Por aquellos días de mi visita a Chile (1946), invitado por él para dar recitales y conferencias, Neruda ya era el poeta más popular y amado en su país, casi sin distinción de clases. Vivía entonces en una amplia casa de las afueras de Santiago, con un bello jardín, entre descuidado y salvaje. Tenía Pablo dos perros: uno más pequeño y misterioso, al que llamaba Kutaca, y otro grande, alobado, que bautizó con el nombre de Calbuco, el mismo del volcán del sur, de donde lo trajo. Pablo amaba hasta el infinito los animales, la extensa fauna y flora de su patria, registradas minuciosamente en sus poemas, engarzados de innumerables pájaros, peces e insectos. Aunque fuera un poeta de todo lo que sentía y veía, no fue el asfalto lo que más le atrajera. Deseaba tener -o construir- una casa en cada sitio que visitaba, que despertaba su entusiasmo. En broma, lo llamábamos, a veces, la capra arquitectónica. Pero la casa más importante y bella que dejó, a la que siempre volvía después de todas sus obligadas o gustosas peregrinaciones, fue la de Isla Negra, construida, como él decía, verso a verso, es decir, sólo con lo que había ganado con su obra poética. Yo viví en ella algunos días, en una época en la que aún no había adquirido la dimensión que tiene hoy. Lo que más recuerdo de ella ahora, a la distancia, son las inmensas explosiones de espumas del océano Pacífico contra las rocas que la circundan.

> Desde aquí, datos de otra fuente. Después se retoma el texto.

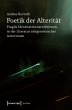 Poetik der Alterität (eBook, PDF) - Bild 1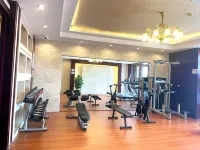 Shanfei Huizhan Center Hotel - parcheggio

Pero en el año de mi visita, la casa de Neruda en Santiago era aquella de las afueras, llamada Los Guindos. Allí, durante mi estancia, me dedicó Pablo varias fiestas, compuestas siempre de la gente más heterogénea: desde luego, poetas, políticos, escritores, pintores, pero también de muchos que se colaban, que el poeta no había visto jamás. No olvido que en esta primera fiesta, él y yo abrimos de pronto la puerta de la cocina y vimos a unos extraños tipos que, acompañados de grandes vasos de vino, estaban friéndose algo así como una docena de huevos en una enorme sartén. Pablo, entre misterioso y divertido, me dijo al retirarnos sigilosamente: "Ellos sabrán lo que están preparando. No los conozco. Vámonos. Creo que es la primera vez que vienen por aquí".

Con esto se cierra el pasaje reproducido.